# Would Love To Know Any Info About My 1940'S Gents Watch



## g_man_1978 (Aug 24, 2010)

Hi Guys,

I've just bought a mystery watch and I wondered if anyone would have any clue to it's maker/movement

maker/year, well pretty much anything!

It's on my wrist and I love it.

The link below should give all the info seller has

Link to watch


----------



## andyclient (Aug 1, 2009)

Do I smell SPAM ???????? :thumbsdown:


----------



## g_man_1978 (Aug 24, 2010)

andyclient said:


> Do I smell SPAM ???????? :thumbsdown:


Lol, nope, I promise!! I was going to insert the pic but I'm on my iPhone sitting watching the one show, but can add them from my pc if you'd rather!

It was a spur of the moment purchase on Sunday.

I'm just a sucker for a good mystery! I guess.

Graham


----------



## g_man_1978 (Aug 24, 2010)

I've read there were over 6000 watch makers in the 40's so I'm not too hopeful.

Would be nice to know if it was military use or not? Are unsigned movments just cheap movements?


----------



## frogspawn (Jun 20, 2008)

Now that I like - what size is it please.

David


----------



## g_man_1978 (Aug 24, 2010)

Thanks!

I can't for the life of me find a ruler, but seller said "35mm inc crown".

Smaller than I thought it would be from the pics, but it's a nice size.


----------



## bjohnson (Oct 2, 2007)

It's a good quality Swiss movement from the 1940s. Specifically a FEF 190










http://www.ranfft.de/cgi-bin/bidfun-db.cgi?10&ranfft&a&2uswk&FEF_190



g_man_1978 said:


> Would be nice to know if it was military use or not?


It was not an "issued" watch. It may have been used by Military personnel, but there is no way to prove or disprove this.



g_man_1978 said:


> Are unsigned movements just cheap movements?


No.

1. unsigned movements were the norm in the early 1900s

2. even signed movements were usually from ebauche manufacturers like this one (FEF) even if they had another brand name on them


----------



## g_man_1978 (Aug 24, 2010)

Bjohnson, I am Loving that information, Thank you, and makes me feel better about what I have.

I'm Really glad I didn't have to go though all those movements to find that (I was considering doing that previously too!)

amazing to see how long they were making that model for, with tweaks for quite a few years it seems.

of course it makes me ask more questions. (.. typical eh.)

1. Ref the movement maker, Fef, what do Fef stand for and do they still exist/ bought out?

2. What watch makers use this movement, any well known watches I wonder?, as far as I've read, if it's European I have pratically zero chance of working out any (Other information than you're given me),

3. what would be a good guess to where this has come from?

4. Is it likely that this is not the original watch face that I'm staring into?.. would it of been a German name and been rubbed off on purpose perhaps. "Swiss made" is english, but I'm assuming that's not a clue?


----------



## bjohnson (Oct 2, 2007)

g_man_1978 said:


> Bjohnson, I am Loving that information, Thank you, and makes me feel better about what I have.
> 
> I'm Really glad I didn't have to go though all those movements to find that (I was considering doing that previously too!)
> 
> ...


FEF is the short form for Fleurier.
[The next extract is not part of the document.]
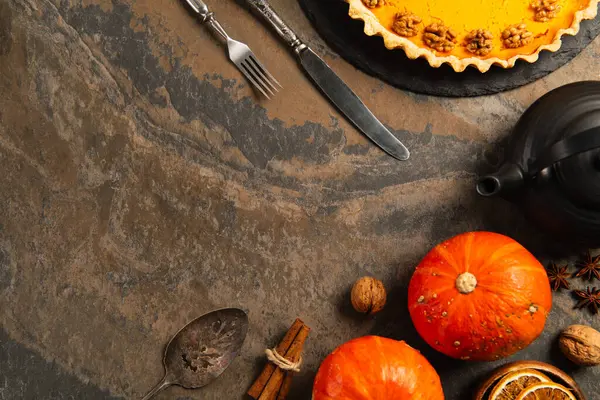 Rustic thanksgiving backdrop with ripe pumpkins, vintage cutlery and ripe pumpkins on stone table — Stock Photo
I don't know their history but they're now probably part of Swatch, like Eterna, ETA, AS, etc



g_man_1978 said:


> 2. What watch makers use this movement, any well known watches I wonder?, as far as I've read, if it's European I have pratically zero chance of working out any (Other information than you're given me),


I'm not aware of any database that lists which watch brands used a specific movement. FEF was an ebauche manufacturer. They sold movements to anybody who wanted them.

Ranfft lists Normana and Ruby. I've got a FEF 190 in a BWC (Buttes Watch Co).

In general, FEF movements were used in everything from Girard Perregaux and Tudor watches to unmarked watches like yours.



g_man_1978 said:


> 3. what would be a good guess to where this has come from?


Switzerland. Any other guesses would likely be as accurate.



g_man_1978 said:


> 4. Is it likely that this is not the original watch face that I'm staring into?.. would it of been a German name and been rubbed off on purpose perhaps. "Swiss made" is english, but I'm assuming that's not a clue?


Looks like a vintage style watch dial in good condition with a little patina. I'm guessing that the deformation at 8:00 is due to the photo angle and the deflection is caused by the shape of the crystal rather than dial problems.

I would guess that it was original.

Not every watch has a brand name splashed across the dial. It was quite common for a jewellry store to get a watch made for you. You can still get custom watches made.


----------



## g_man_1978 (Aug 24, 2010)

Fantastic work, you've literally answered all my questions! :notworthy:

I'm going to look after it and try hard not to over-wind it. This baby is staying on my wrist.

Old enough to be cool.. yet and not expensive enough for me to worry about damaging it, that's the theory for this watch.

Thanks again.

Graham


----------